On Tue, Sep 19, 2017 at 11:34 AM, Bryan Davis <bd808(a)wikimedia.org> wrote:
On Tue, Sep 19, 2017 at 9:21 AM, C. Scott Ananian
<cananian(a)wikimedia.org> wrote:
There are other big users of HHVM -- do we know
what other members of the
larger community are doing? We've heard that Phabricator intends to
follow
PHP 7. Etsy also shifted to HHVM, do we know
what their plans are?
Etsy 'experimented' with HHVM [0] and then eventually switched to PHP7
as their primary runtime. The blog posts about this are a little
scattered, but Rasmus spoke about it [1] and Etsy started the phan
project [2].
I got confirmation on twitter:
https://twitter.com/jazzdan/status/910162545805336576
For what it's worth, my opinion is that PHP is an
actual FLOSS
software project with years of history and core contributions from
Zend who make their living with PHP. HHVM is a well funded internal
project from Facebook that has experimented with FLOSS but ultimately
is controlled by the internal needs of Facebook. For me the choice
here is obviously to back the community driven FLOSS project and help
them continue to thrive.
Fair enough. My point is just that we should stop and reflect that this is
a major inflection point. Language choices are sticky, so this decision
will have significant long-term implications. We should at least stop to
evaluate PHP7 vs Hack and determine which is a better fit for our codebase,
and do due diligence on both sides (count how many engineers, how many open
source contributors, commit rates, etc). HHVM has been flirting with a
LLVM backend, and LLVM itself has quite a large and active community. The
PHP community has had issues with proper handling of security patches in
the past. I'm suggesting to proceed cautiously and have a proper
discussion of all the factors involved instead of over-simplifying this to
"community" vs "facebook".
For example, the top-line github stats are:
hhvm: 504 contributors (24,192 commits)
php-src: 496 contributors (104,566 commits)

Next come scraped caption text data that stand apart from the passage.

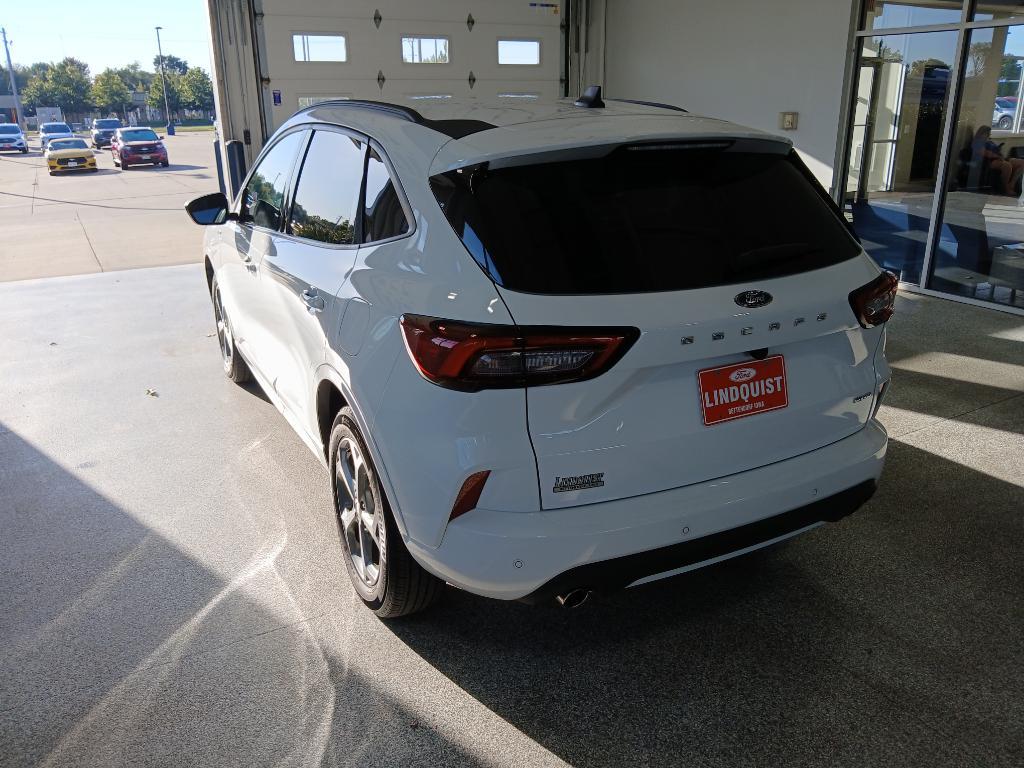 used 2023 Ford Escape car, priced at $27,907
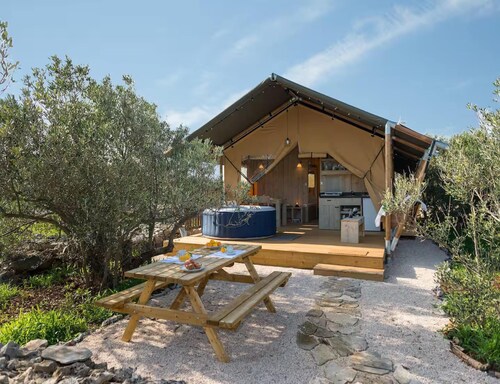 Adriatic Heritage Glamping on Island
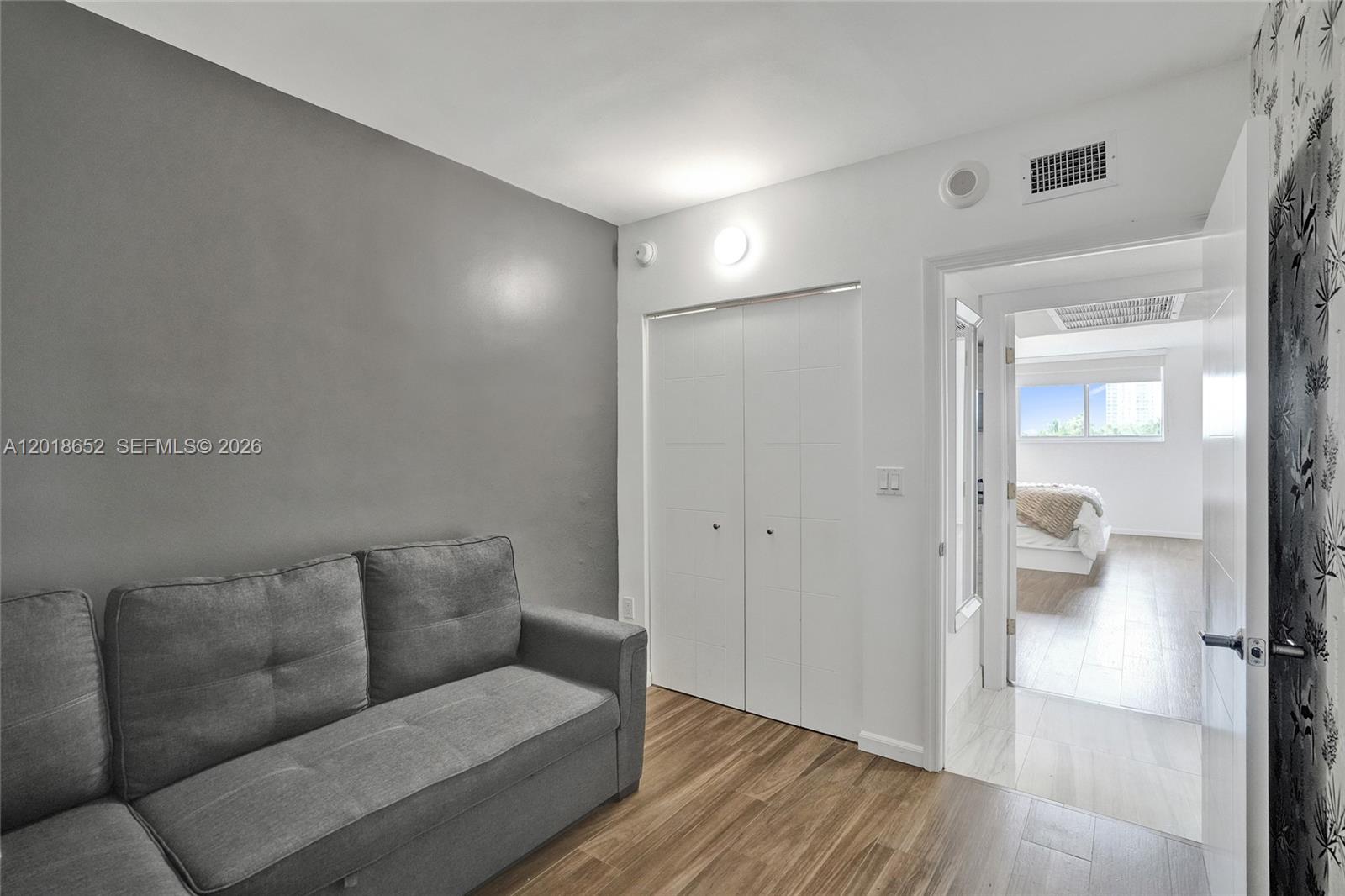 19370 Collins Avenue 426 Property Photo 31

HHVM seems to have a larger community of contributors despite a much
shorter active life. But note that the PHP github mirror has been broken
since Jul 29 (!). In the past 6 days I count 8 distinct contributors to
php-src, and 10 distinct contributors in the past *two days* to hhvm (one
of whom contributed an OCAML frontend(!)). These are just hand-wavy
figures; ideally we should try to determine how many of the recent
contributors to each project are employed by Facebook and/or Zend.
I think there's room for a reasonable debate.